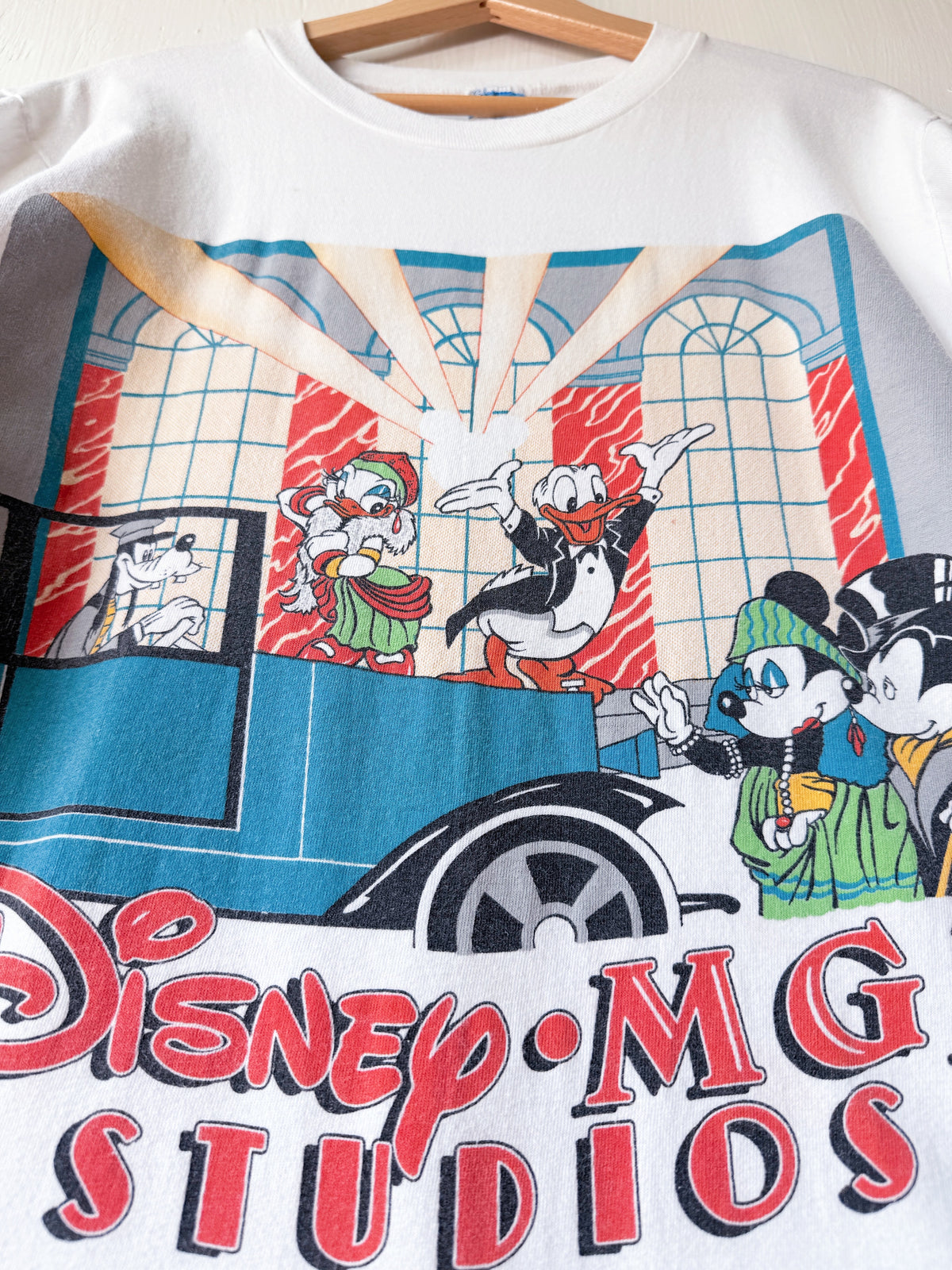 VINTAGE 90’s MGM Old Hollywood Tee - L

----------------------------------------

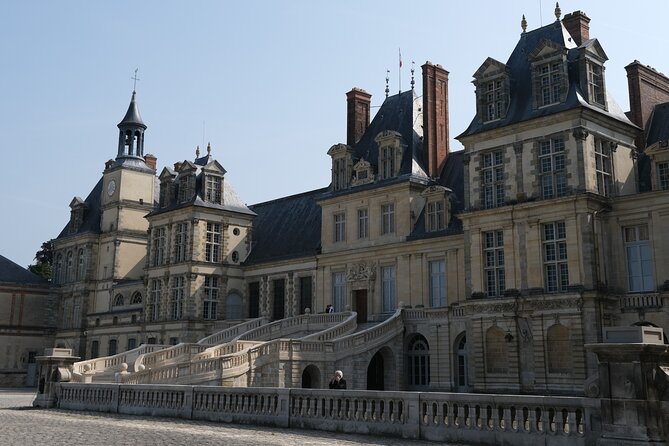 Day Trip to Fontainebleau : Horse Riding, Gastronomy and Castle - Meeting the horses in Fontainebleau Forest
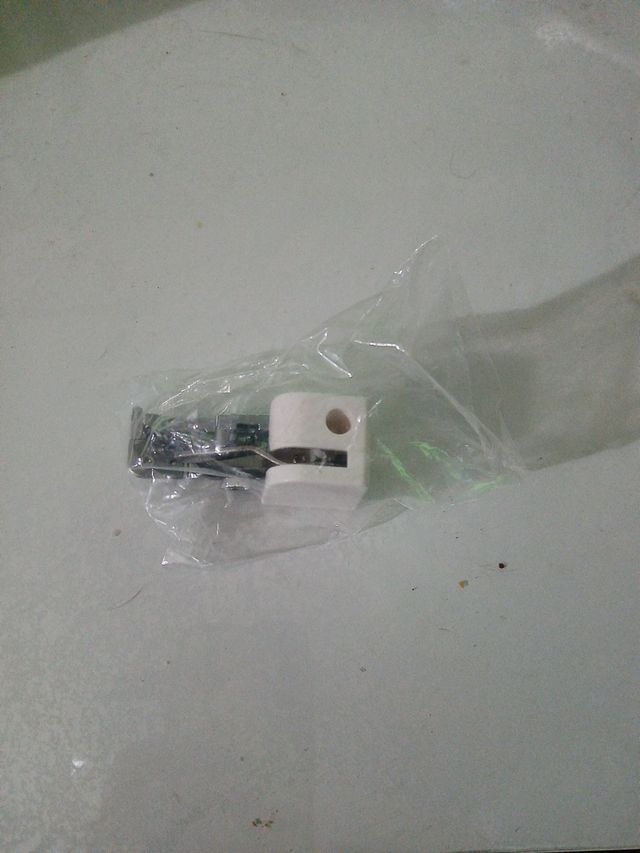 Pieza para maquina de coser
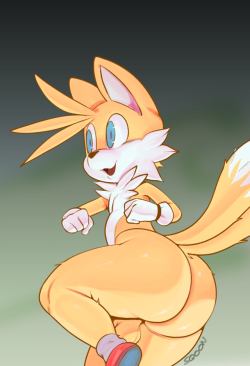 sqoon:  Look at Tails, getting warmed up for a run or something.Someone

----------------------------------------

### Exercise directions
An exact copy of the lines above from the one with "Day Trip to" up to and including the one with "run or something.Someone" is required; reproduce only those lines, omitting all pictures.

### Answer for this exercise
 Day Trip to Fontainebleau : Horse Riding, Gastronomy and Castle - Meeting the horses in Fontainebleau Forest
 Pieza para maquina de coser
 sqoon:  Look at Tails, getting warmed up for a run or something.Someone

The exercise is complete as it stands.